Il tiglio comune: un ibrido naturale.

Ordine: Malvales

Famiglia: Malvaceae

Genere: Tilia

Specie: T. x europea

MORFOLOGIA

Portamento e dimensioni: albero deciduo che può raggiungere i 50 m di altezza. Ha chioma ampia e globosa.

Corteccia: di colore grigio e solcata longitudinalmente in fessure poco profonde.

Foglie: semplici, alterne, ovate, con margine seghettato e appuntite all’apice.

Fiori: riuniti in gruppi di 4-10 in un corimbo sorretto da una foglia modificata detta brattea. Sono giallastri e intensamente profumati. Compaiono tra giugno e luglio.

Frutti e semi: capsule di colore grigiastro, ovali.

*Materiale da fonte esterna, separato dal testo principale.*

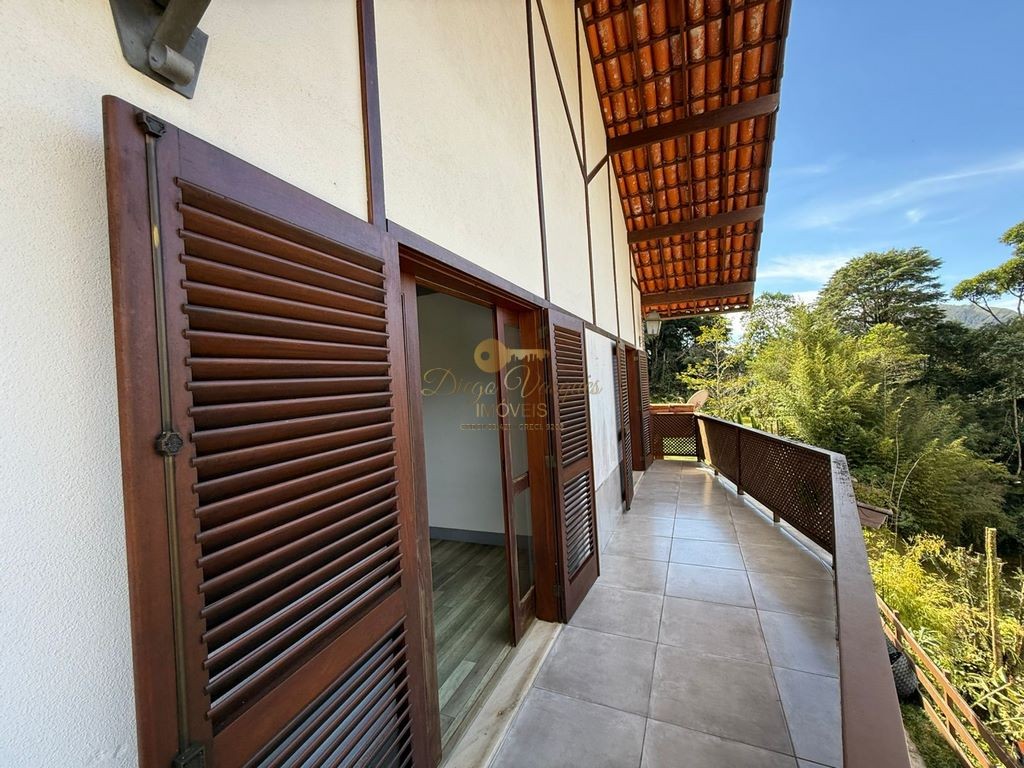 Casa de Condomínio à venda com 3 quartos, 320m² - Foto 9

Si disperdono attraverso l’azione del vento, favorita dalla brattea.

 

DISTRIBUZIONE E HABITAT

Ibrido naturale tra il tiglio selvatico (Tillia cordata) e il tiglio nostrano (Tilia platyphyllos), presente in Europa allo stato selvatico nelle località in cui le due specie madri sono entrambe autoctone. Predilige i terreni freschi e profondi e posizioni soleggiate.

 

UTILIZZO

Il tiglio comune viene usato a scopo ornamentale nelle aree urbane lungo strade e viali. E’ una pianta mellifera: le api sono attirate dai suoi fiori e ne producono un miele molto ricercato. Il tiglio è molto conosciuto anche in erboristeria e fitoterapia: si usa ogni parte della pianta ed in particolare le infiorescenze per produrre infusi.
Il legno è bianco, tenero, non attaccabile dai tarli, molto utilizzato nei lavori di ebanisteria.

 

CURIOSITÀ

Il nome del genere deriva dal greco “ptilon” (= ala) per la caratteristica forma della brattea che ricopre il seme.

Nel linguaggio dei fiori il tiglio è simbolo di longevità.